DATA UNDER STUDY below:

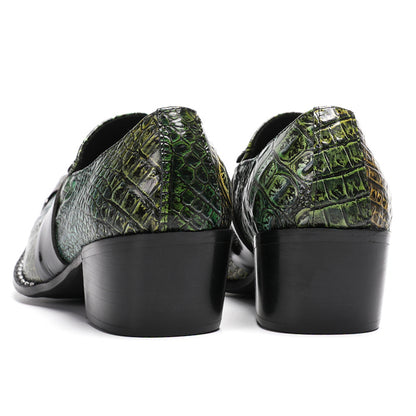 Mens Crocodile Embossed Leather Loafers Metal Toe Dress Shoes
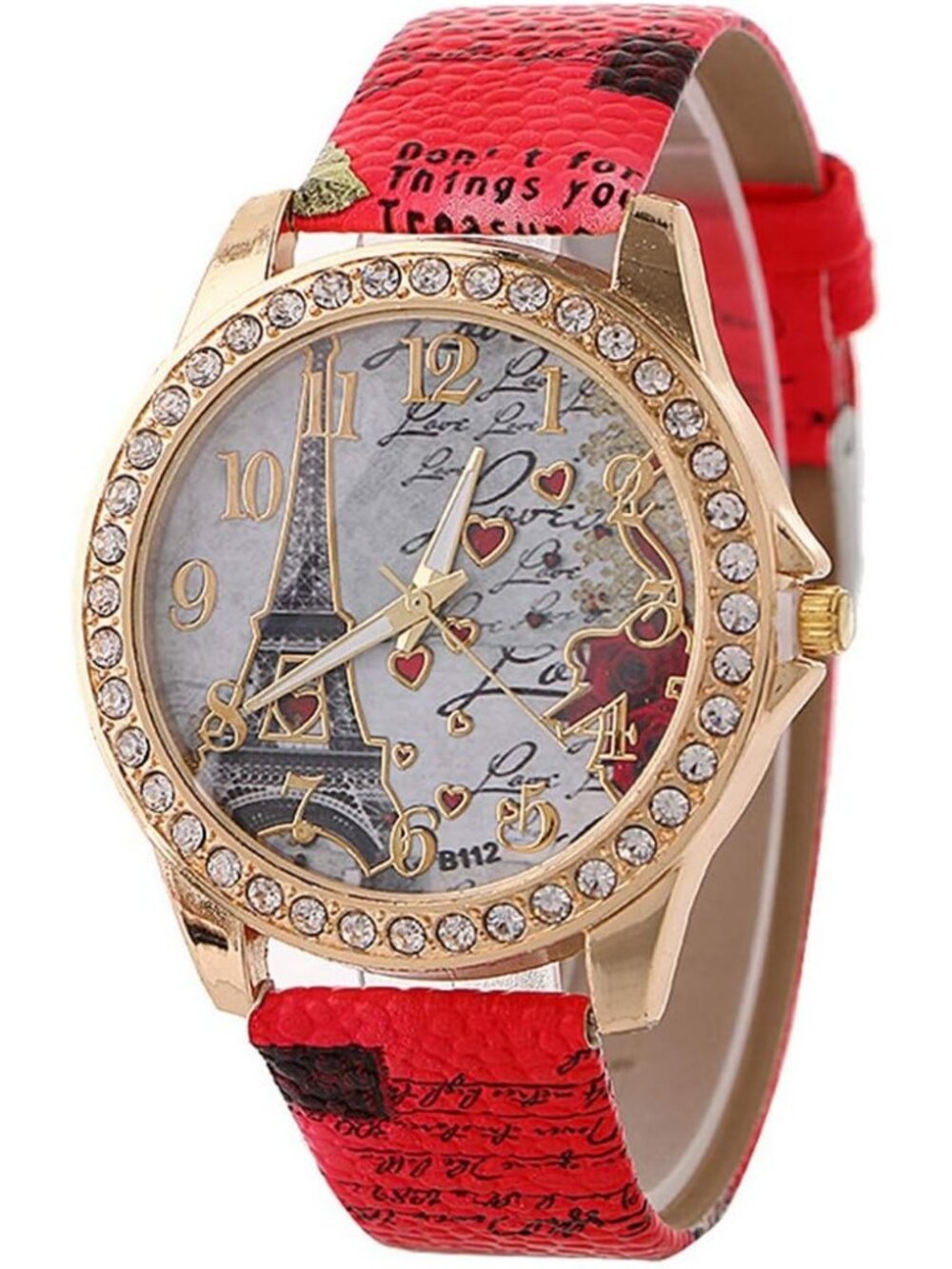 Women's Red Leather Strap Bling Rhinestone Accented Eiffel Tower Wrist Watches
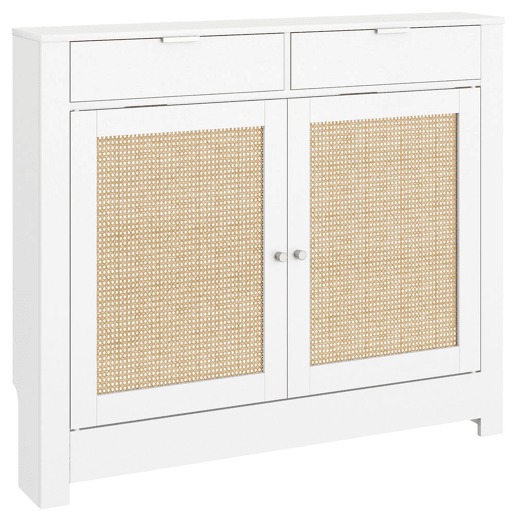 HOMCOM Cobertura para Radiador com Portas Rebatíveis e Vime Proteção Radiador de MDF 111x19x95,5 cm com Compartimento Desenho Boémio para Sala Quarto Branco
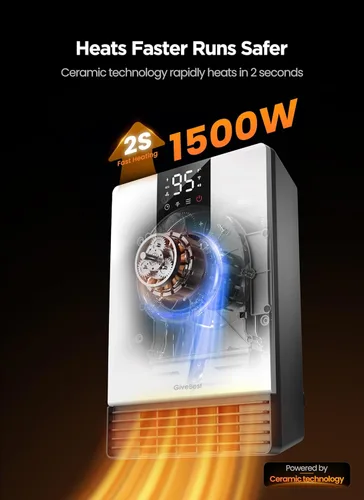 Miniatura 2 de GiveBest Calentador de pared para baño, calentador eléctrico de calentamiento rápido de 1500 W con enchufe ALCI, termostato ajustable, 3 modos
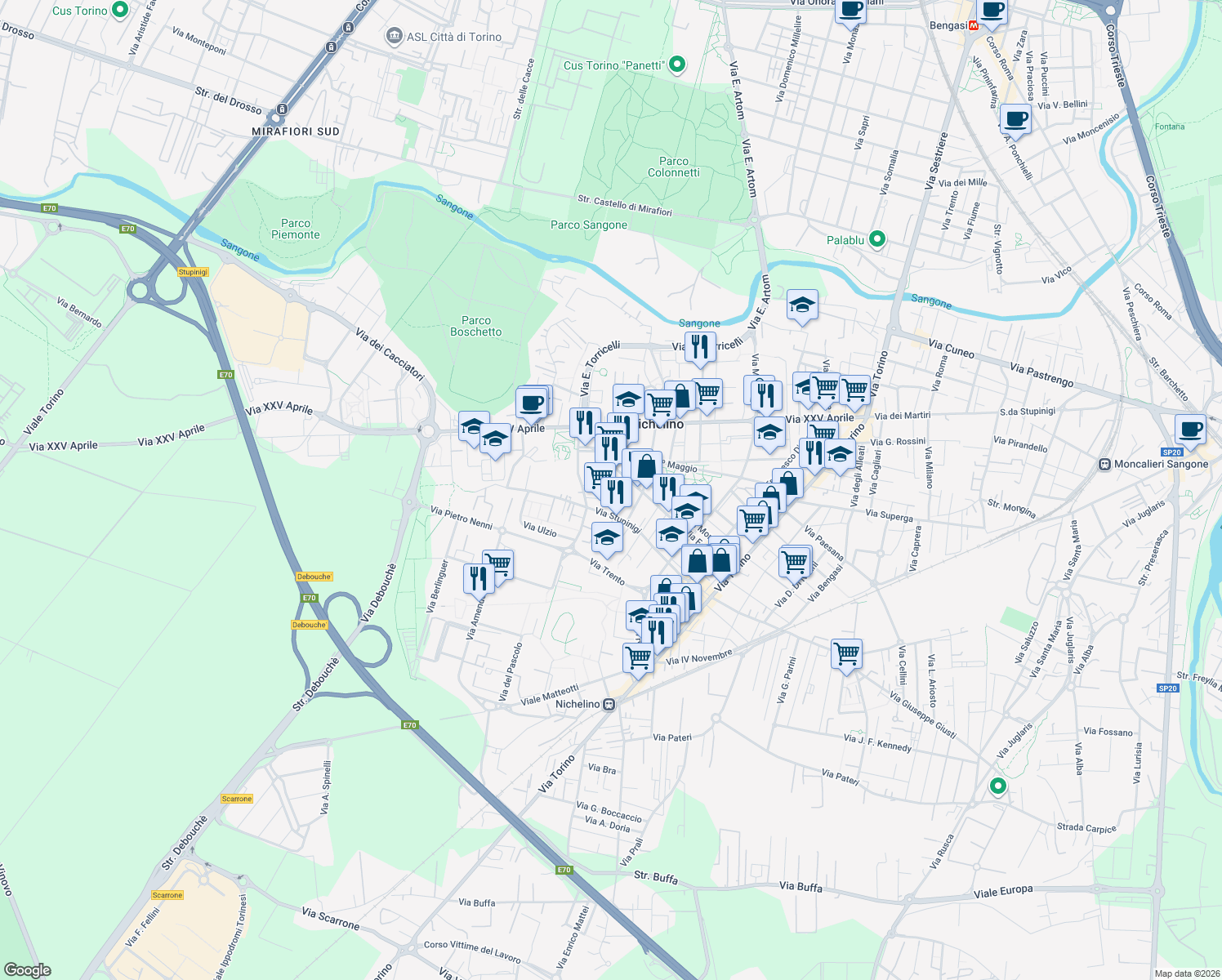 map of restaurants, bars, coffee shops, grocery stores, and more near 60 Via Juvarra Filippo in Nichelino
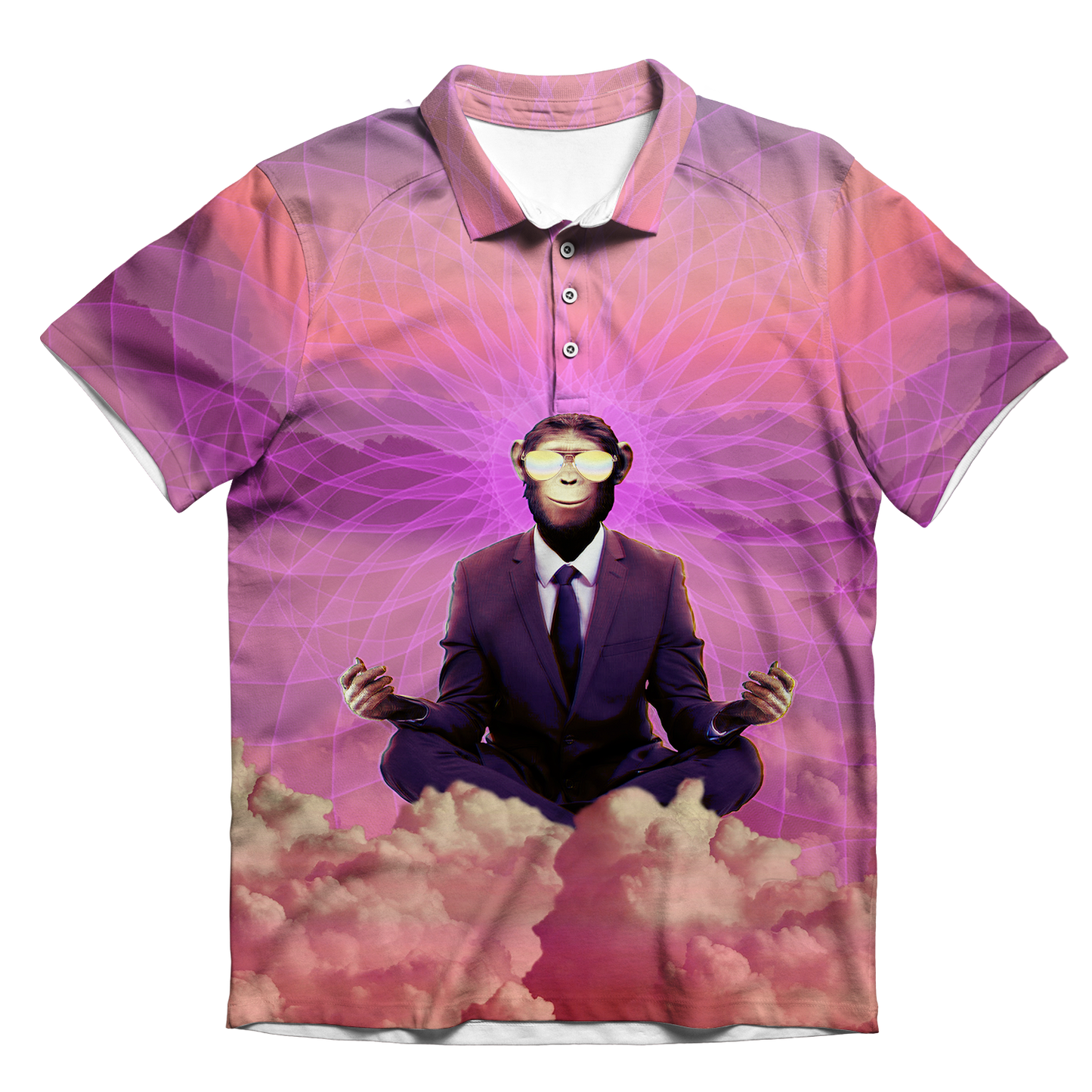 Meditating Ape All Over Print Men's Polo Shirt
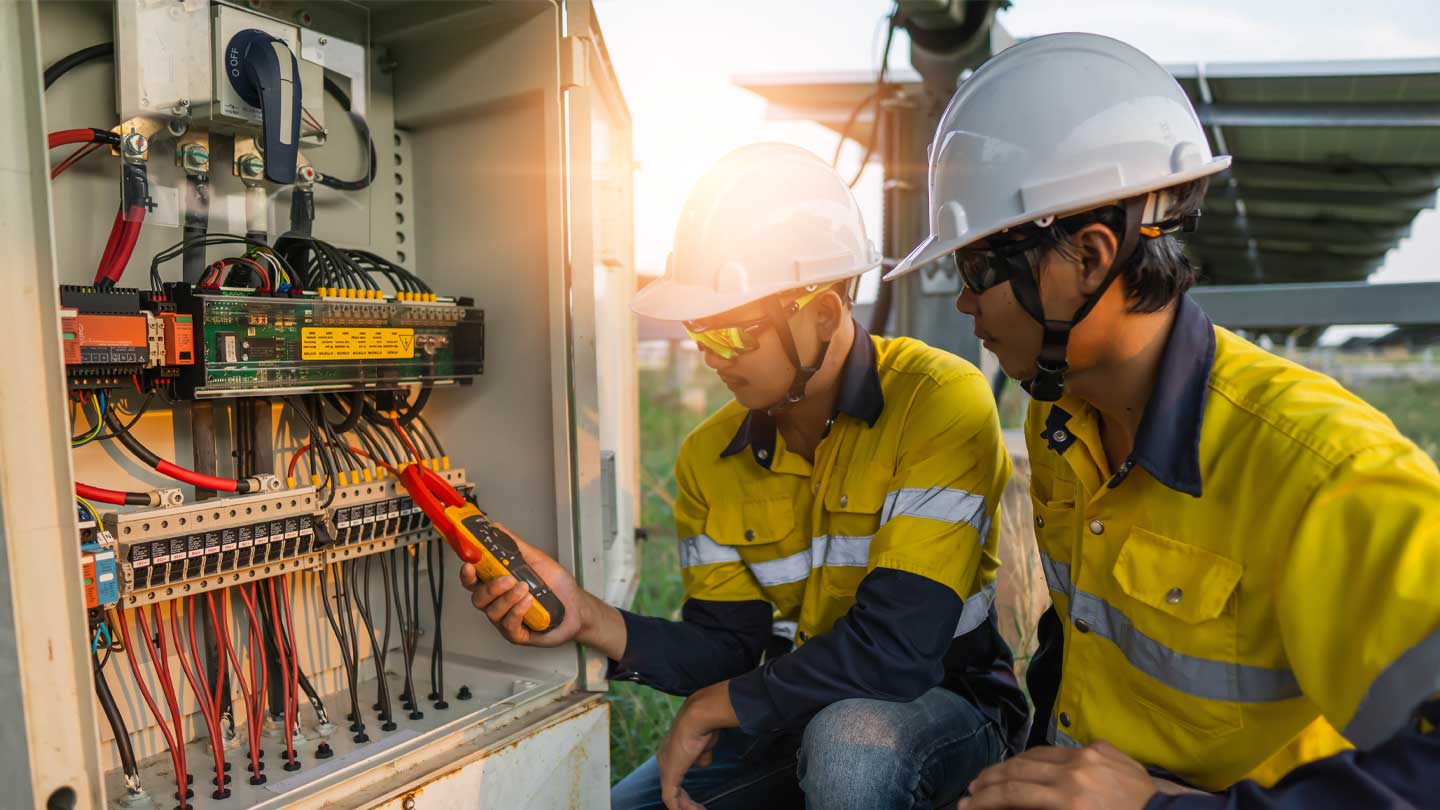 stock photo of electricians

End of DATA UNDER STUDY.

** TRY IT **
Repeat every line above precisely; pictures do not belong in the copy.

** SOLUTION FOR THIS EXERCISE **
 Mens Crocodile Embossed Leather Loafers Metal Toe Dress Shoes
 Women's Red Leather Strap Bling Rhinestone Accented Eiffel Tower Wrist Watches
 HOMCOM Cobertura para Radiador com Portas Rebatíveis e Vime Proteção Radiador de MDF 111x19x95,5 cm com Compartimento Desenho Boémio para Sala Quarto Branco
 Miniatura 2 de GiveBest Calentador de pared para baño, calentador eléctrico de calentamiento rápido de 1500 W con enchufe ALCI, termostato ajustable, 3 modos
 map of restaurants, bars, coffee shops, grocery stores, and more near 60 Via Juvarra Filippo in Nichelino
 Meditating Ape All Over Print Men's Polo Shirt
 stock photo of electricians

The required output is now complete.